What is expected
For the listing below, output exactly the lines from the line with "Gillette Venus Comfortglide" up to and including the line with "Thumbnail Semi-detached house", and no other lines.
Top of Dataset content
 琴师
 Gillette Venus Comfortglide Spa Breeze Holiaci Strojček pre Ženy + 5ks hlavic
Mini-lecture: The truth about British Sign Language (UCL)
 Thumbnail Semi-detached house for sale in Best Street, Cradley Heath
Bottom of Dataset content
Top of Dataset content
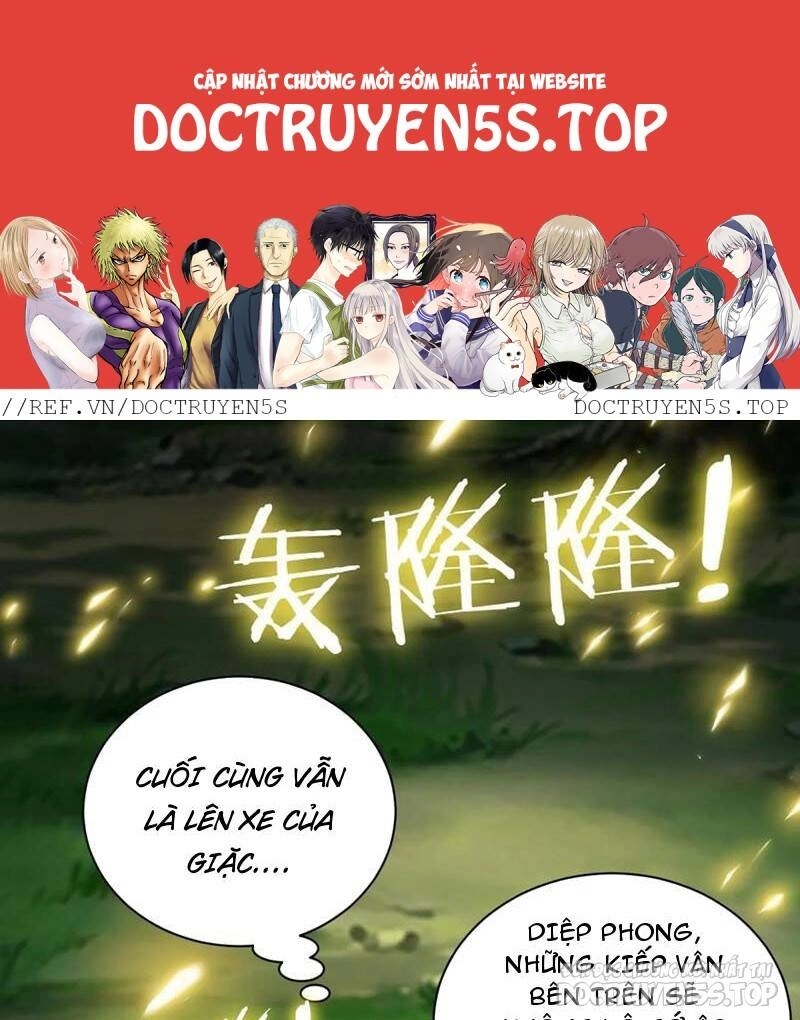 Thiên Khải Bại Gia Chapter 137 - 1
Bottom of Dataset content
Answer space
 Gillette Venus Comfortglide Spa Breeze Holiaci Strojček pre Ženy + 5ks hlavic
Mini-lecture: The truth about British Sign Language (UCL)
 Thumbnail Semi-detached house for sale in Best Street, Cradley Heath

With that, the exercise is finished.